We ended up deciding to get to Yellowstone directly which was more or less beyond the smoke, but buses were nonexistent in this area (Greyhound has discontinued most useful routes in the US apart between major city hubs, and trying to take a bike on a Greyhound will give you a headache anyway), flights to airports directly near Yellowstone were expensive, and we looked at killing a couple weeks first to wait until the end of summer season to get to Yellowstone. Yellowstone is very busy and full of tourists in season up to labor day, beginning of September. We looked at flying to Rapid City in South Dakota, where I’ll most likely end up one day as there is a hell of a lot of climbing nearby (Black hills, Devils Tower) and the Badlands. Flying to Boise, Idaho, was much, much cheaper though. Southern Idaho seemed like an interesting region to explore as well. Good climbing too, some scenic cycling routes in the State and Boise picked our curiosity.

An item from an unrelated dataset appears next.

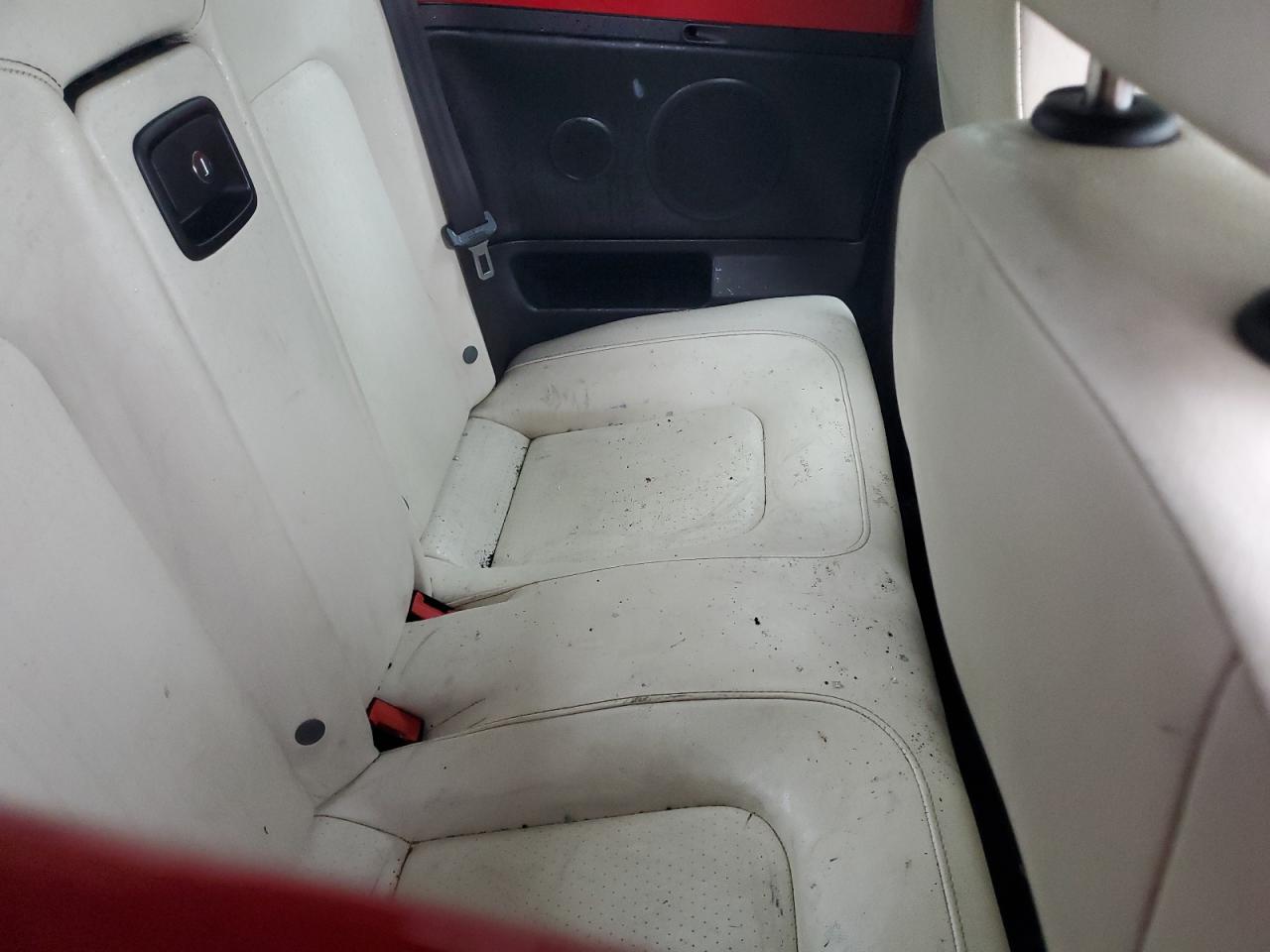 VOLKSWAGEN BEETLE NEW BEETLE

Getting bikes boxes ready for the flight.

And that’s how we ended up back in Calgary!

And on a plane to Boise.

Flying above the smoke was surreal.




  • Best to avoid starting the GDMBR, or being in the Pacific North West area and around in August, because of the likelihood of heavy forest fires at that time of the year. Mid-July is frequently reported as one of the best starting times for the GDMBR, but not later. That said, there is no “no smoke warranty”. Sometimes, you get big forest fires in June or July.
  • I’d definitely recommend riding the Icefields Parkway over the GDMBR extension, especially if you haven’t been to that area before. It’s much more scenic, you can see loads of wildlife, and it’s a nice flowing ride, even though you have to watch out for cars stopping to take pictures of wildlife anytime. Yes, it can get busy and touristy, and it’s pretty much impossible to stealth (see my previous post about camping in the big National Parks in Canada), but with careful planning it’s definitely worth it.
  • Further on that, if you get on the Icefields Parkway, load up on food beforehand in Rocky Mountain House/Jasper/Lake Louise as the food available to buy at the outposts (especially Saskatchewan River Crossing) is scarce and ridiculously expensive, catering for the busloads of tourists who get stuck with very little competition around.
  • Alaskan airlines is a great airline to fly with bikes in North America. Bikes go as checked luggage (50USD for each piece of checked luggage as of 2018), cheap airfares, and good connections.